→ **DATA UNDER STUDY**:
★ ★ ★ ★ ★ ★ ★
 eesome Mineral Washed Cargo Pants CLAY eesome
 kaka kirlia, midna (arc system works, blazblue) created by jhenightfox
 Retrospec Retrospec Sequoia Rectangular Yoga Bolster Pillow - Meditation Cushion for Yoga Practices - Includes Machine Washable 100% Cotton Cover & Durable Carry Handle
★ ★ ★ ★ ★ ★ ★
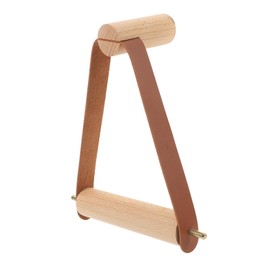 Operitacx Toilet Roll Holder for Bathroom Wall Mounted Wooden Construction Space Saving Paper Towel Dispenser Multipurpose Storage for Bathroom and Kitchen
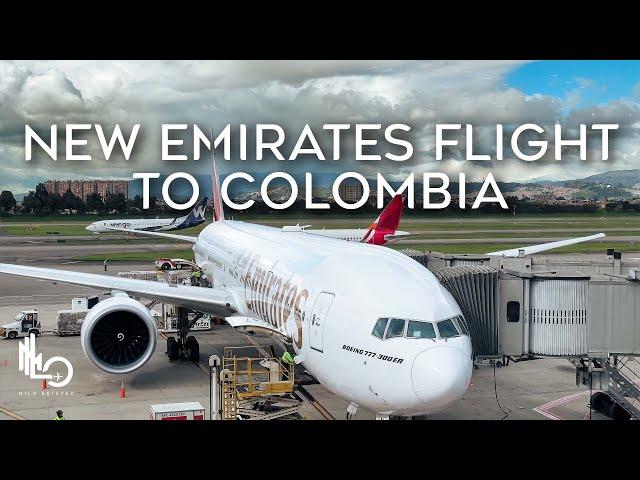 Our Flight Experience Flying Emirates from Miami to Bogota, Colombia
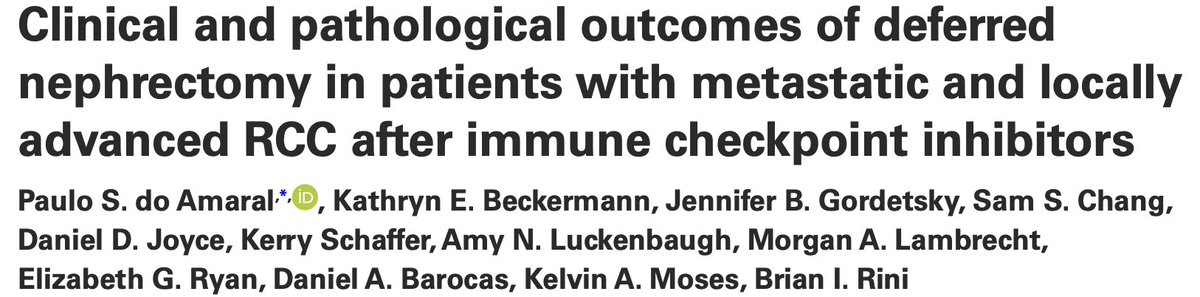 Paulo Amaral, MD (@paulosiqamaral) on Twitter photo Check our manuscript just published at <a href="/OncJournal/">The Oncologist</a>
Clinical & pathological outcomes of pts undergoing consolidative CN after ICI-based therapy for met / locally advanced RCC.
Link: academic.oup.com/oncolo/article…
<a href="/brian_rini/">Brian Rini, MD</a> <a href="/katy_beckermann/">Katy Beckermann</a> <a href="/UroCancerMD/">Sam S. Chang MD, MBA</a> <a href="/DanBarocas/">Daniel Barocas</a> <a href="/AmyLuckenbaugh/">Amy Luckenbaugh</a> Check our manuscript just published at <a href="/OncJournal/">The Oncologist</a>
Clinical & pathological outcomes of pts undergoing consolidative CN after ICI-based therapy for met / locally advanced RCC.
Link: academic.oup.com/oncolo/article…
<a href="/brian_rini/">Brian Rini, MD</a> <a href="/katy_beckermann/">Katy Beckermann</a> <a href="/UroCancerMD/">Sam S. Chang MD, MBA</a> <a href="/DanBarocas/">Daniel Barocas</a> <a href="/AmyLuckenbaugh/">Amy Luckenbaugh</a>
★ ★ ★ ★ ★ ★ ★
→ **PROMPT**:
In the entries above, find the line with "eesome Mineral Washed" and the line with "Retrospec Retrospec Sequoia", then restate word for word both of them and every line between, with nothing more.

→ **EXERCISE ANSWER**:
 eesome Mineral Washed Cargo Pants CLAY eesome
 kaka kirlia, midna (arc system works, blazblue) created by jhenightfox
 Retrospec Retrospec Sequoia Rectangular Yoga Bolster Pillow - Meditation Cushion for Yoga Practices - Includes Machine Washable 100% Cotton Cover & Durable Carry Handle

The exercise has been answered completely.